Start of Provided records

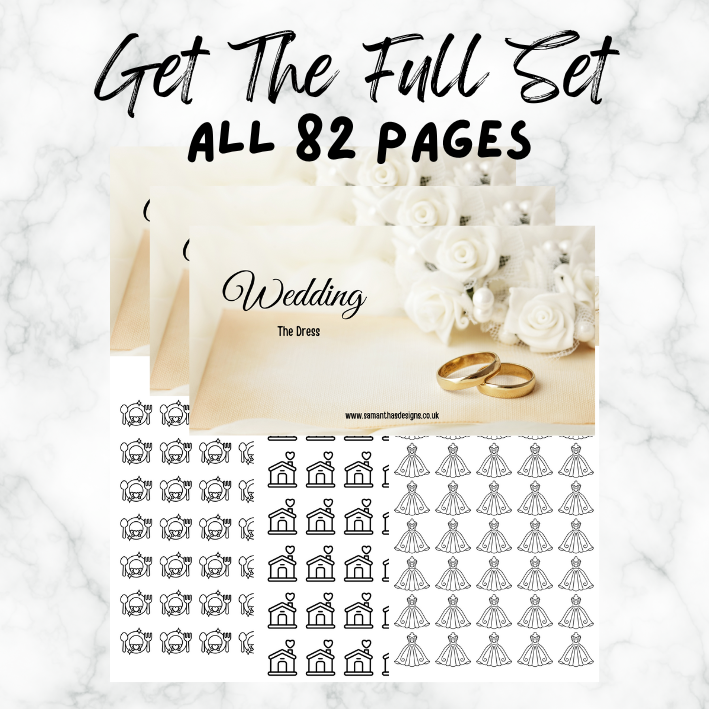 The Complete Wedding Trackers - Cover and Trackers - A6 Cash Stuffing Challenges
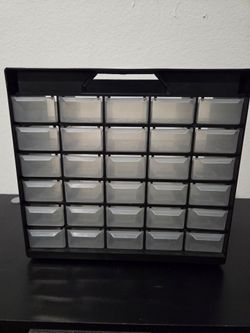 30-Drawer Plastic Parts Storage Organizer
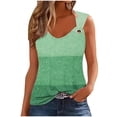 thumbnail image 1 of BLVB Tank Tops for Women 2024 V Neck Sleeveless T-Shirts Casual Loose Ladies Going out Dressy Blouse Tee, 1 of 4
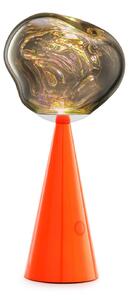 Tom Dixon LED stolová lampa na batérie Melt fluoro/červená Výška 29 cm IP44, Červená, Obývacia izba / jedáleň, Plast, Dizajn, Stojacie svietidlo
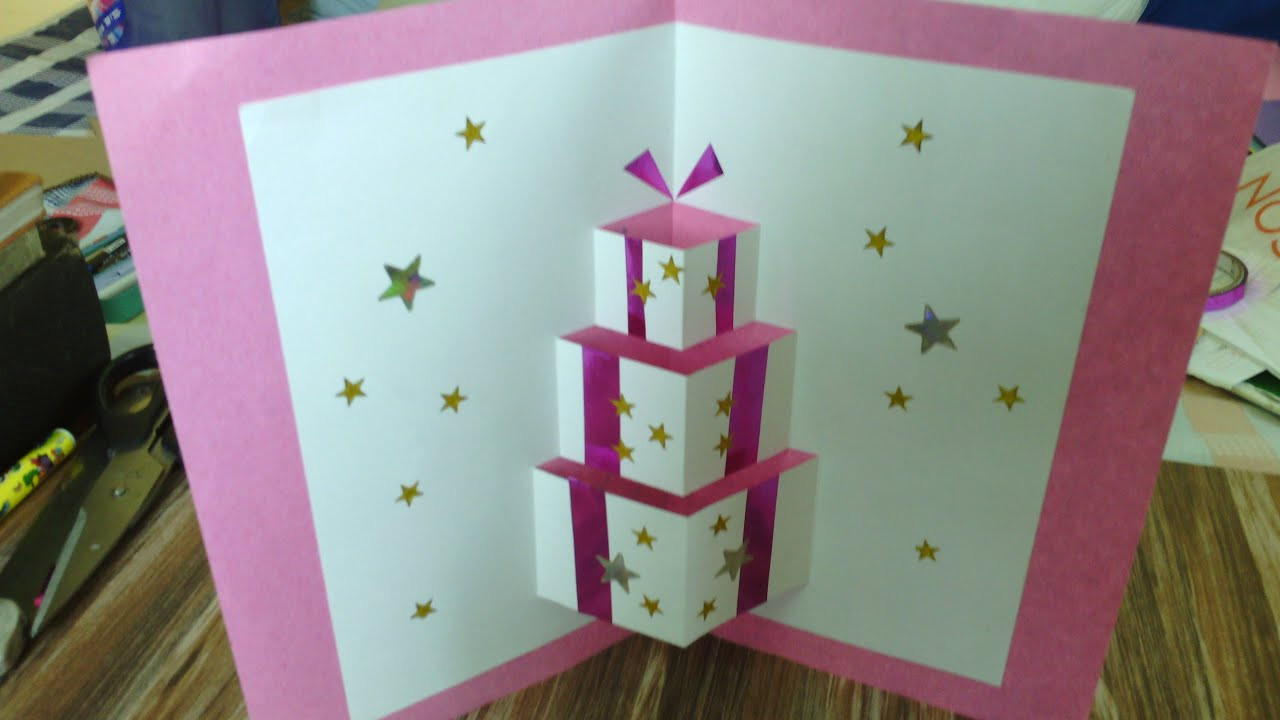 Pop Up Birthday Cards
 Handmade Pop up Card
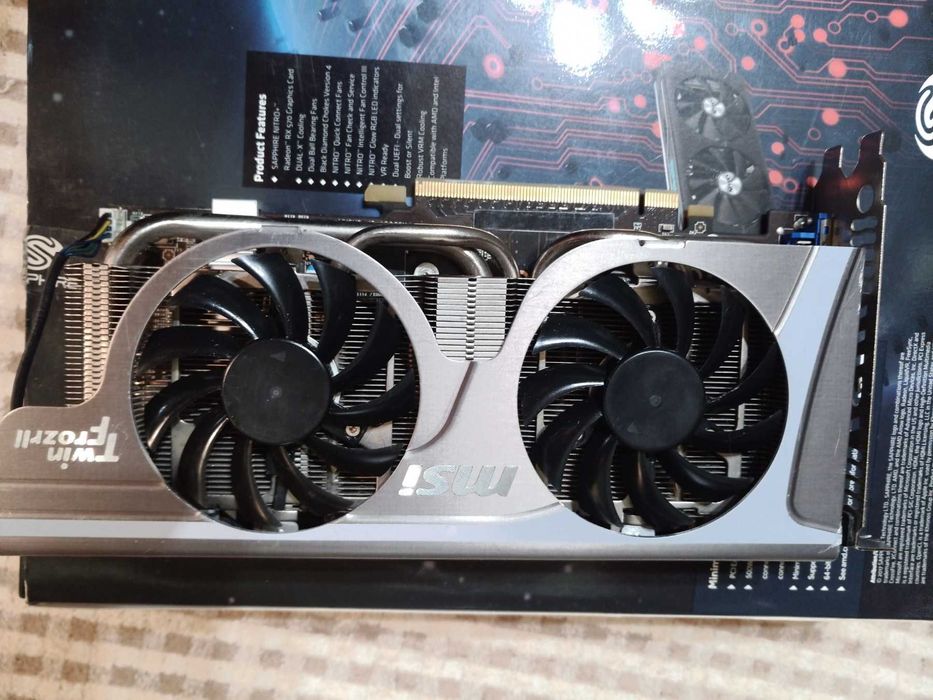 Видеокарта msi n560gtx twin frozr ii/oc в отличном состоянии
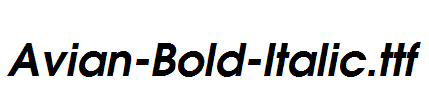 Avian-Bold-Italic.ttf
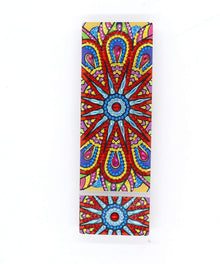 Bunter Mandala Diamond Painting Stiftehalter mit Schmuckstein-Muster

End of Provided records

Task goal> In the copy, leave out all pictures, and retype exactly each line from the one with "30-Drawer Plastic Parts Storage Organizer" through the last line of the entries.

Answer for the task>
 30-Drawer Plastic Parts Storage Organizer
 thumbnail image 1 of BLVB Tank Tops for Women 2024 V Neck Sleeveless T-Shirts Casual Loose Ladies Going out Dressy Blouse Tee, 1 of 4
 Tom Dixon LED stolová lampa na batérie Melt fluoro/červená Výška 29 cm IP44, Červená, Obývacia izba / jedáleň, Plast, Dizajn, Stojacie svietidlo
 Pop Up Birthday Cards
 Handmade Pop up Card
 Видеокарта msi n560gtx twin frozr ii/oc в отличном состоянии
 Avian-Bold-Italic.ttf
 Bunter Mandala Diamond Painting Stiftehalter mit Schmuckstein-Muster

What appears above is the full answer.